Google and Broadcom are offering to study television power in different markets as the FCC investigates the necessity for a guard band in its upcoming broadcast incentive auctions.
Google acknowledged in an ex parte filing that a guard band between LTE and broadcast signals is being considered ahead of the FCC’s 600 MHz incentive auction, scheduled for mid-2015, as a means of battling potential interference.
Slides attached to the filing provided samples of how Google and Broadcom would map out and display the TV power signal findings. The sample maps included New York, Chicago, Los Angeles and San Francisco, but Google insisted that the data displayed was in no way final.
In November, Google representatives met with the FCC to advocate for permitting unlicensed operations in the incentive auction guard band. Google has been promoting the use of unlicensed spectrum. Earlier this year, Google began a public trial with the FCC for a database cataloging all of the available TV white space spectrum available in the U.S.

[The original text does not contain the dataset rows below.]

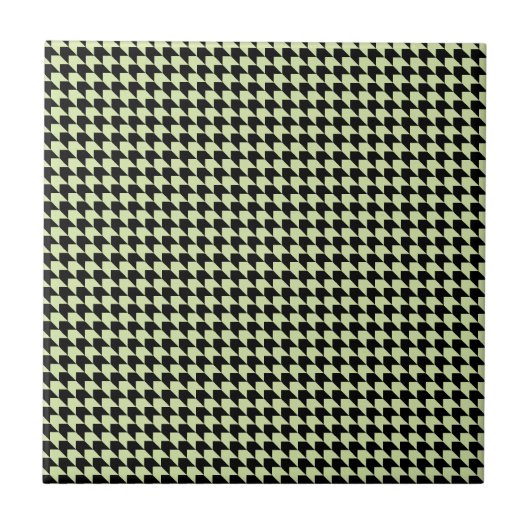 Zickzack Karos Minze und Schwarz Fliese (Vorderseite)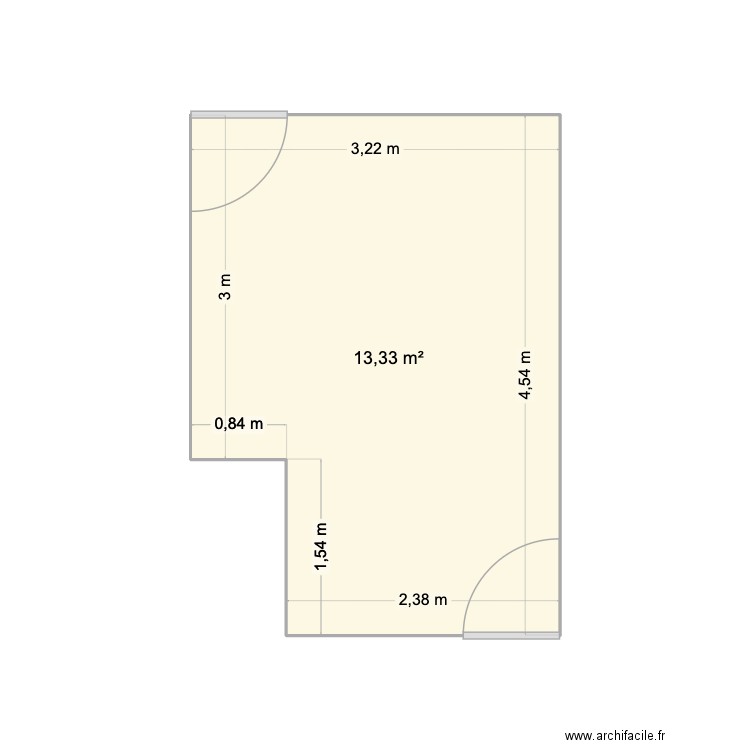Bre. Plan de 1 pièce et 13 m2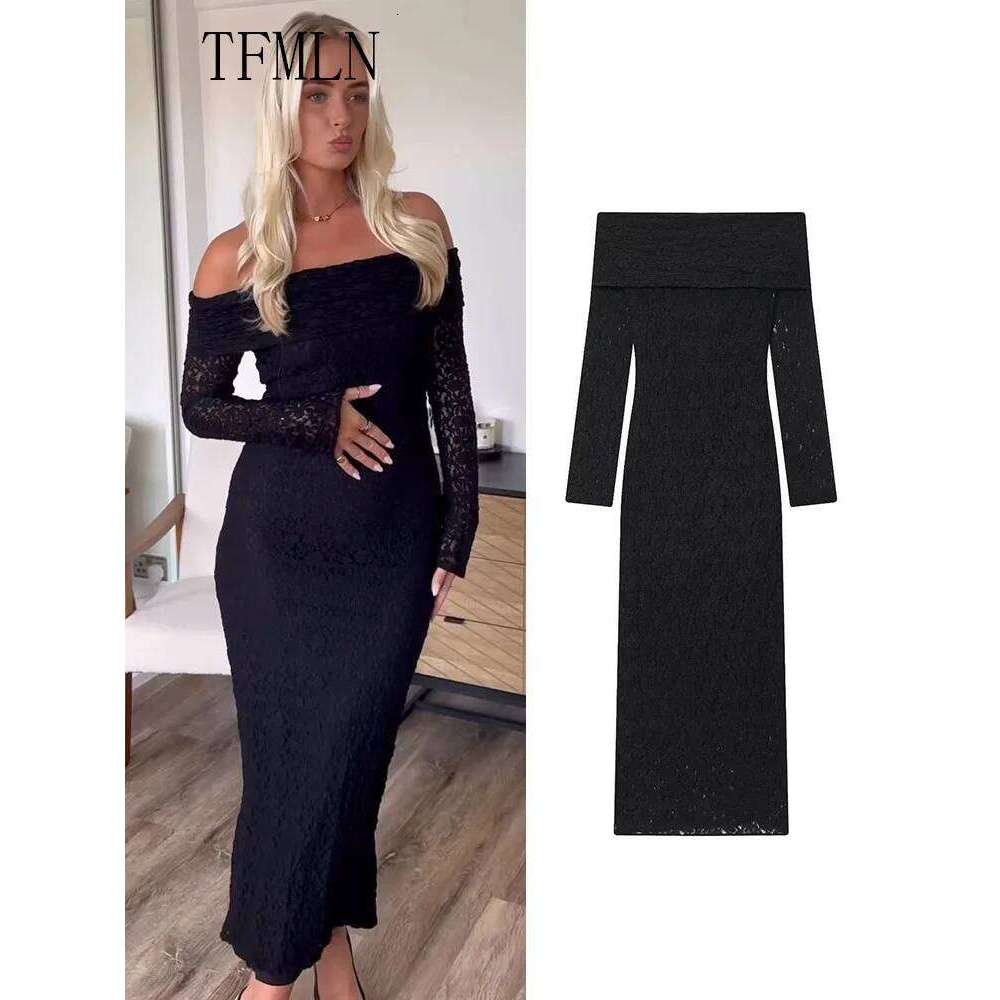 TFMLN 2025 New Women Lace Off Shoulder Elegant Ladies Full Sleeve Solid Slim Party Dress Sexy Side Zipper Long Dresses C260312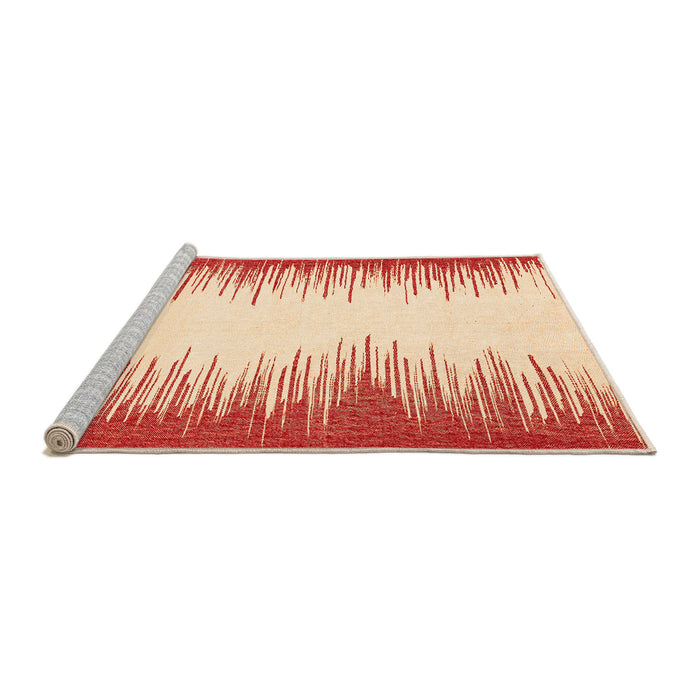 Sideview of Machine Washable Solid Orange Modern Area Rugs, wshabs3073org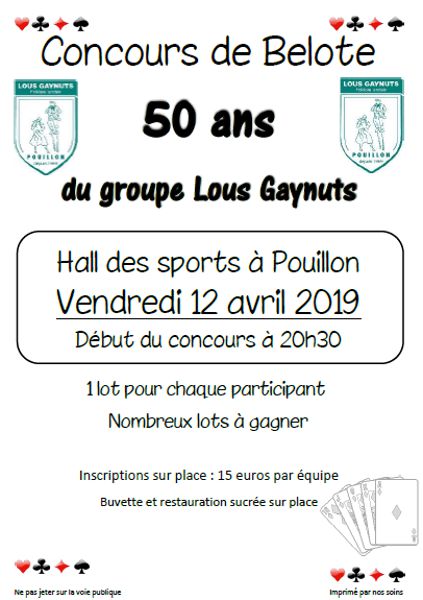 Concours de Belote - 50 ans des Gaynuts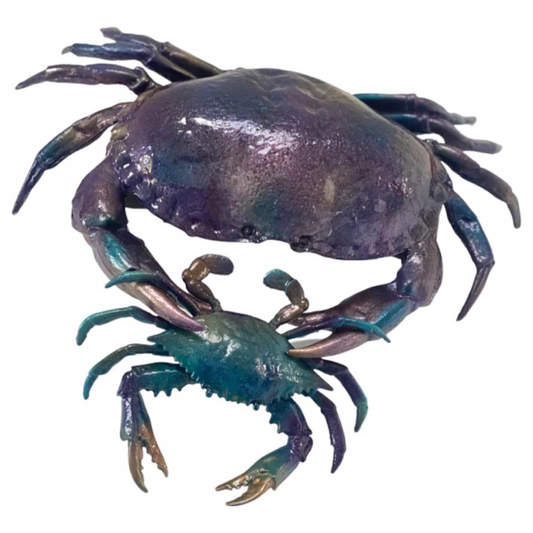 Krab decoratie blauw-paars-goud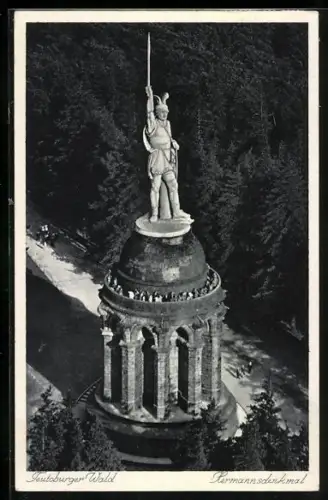 AK Detmold, Hermannsdenkmal aus dem Flugzeug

In addition to pushing for unlicensed use in the guard band and the duplex gap associated with the “down from 51” incentive auction plan, Google suggested opening up unused TV channel, Channel 37, and broadcast channels currently set aside for wireless microphones users.
Audio company Sennheiser has petitioned the FCC to force 600 MHz auction winners to reimburse wireless microphone companies for equipment rendered useless once they have to relocate from the 600 MHz band. CTIA has opposed Sennheiser’s request.
The rulemaking and policy-setting process for the 600 MHz incentive auction is likely taking longer than expected. FCC Chairman Tom Wheeler recently announced that the auctions, originally thought to be occurring in mid-2014, were now being pushed back to mid-2015. The extra time will be used for policy decisions, developing auction procedures and testing the auction software.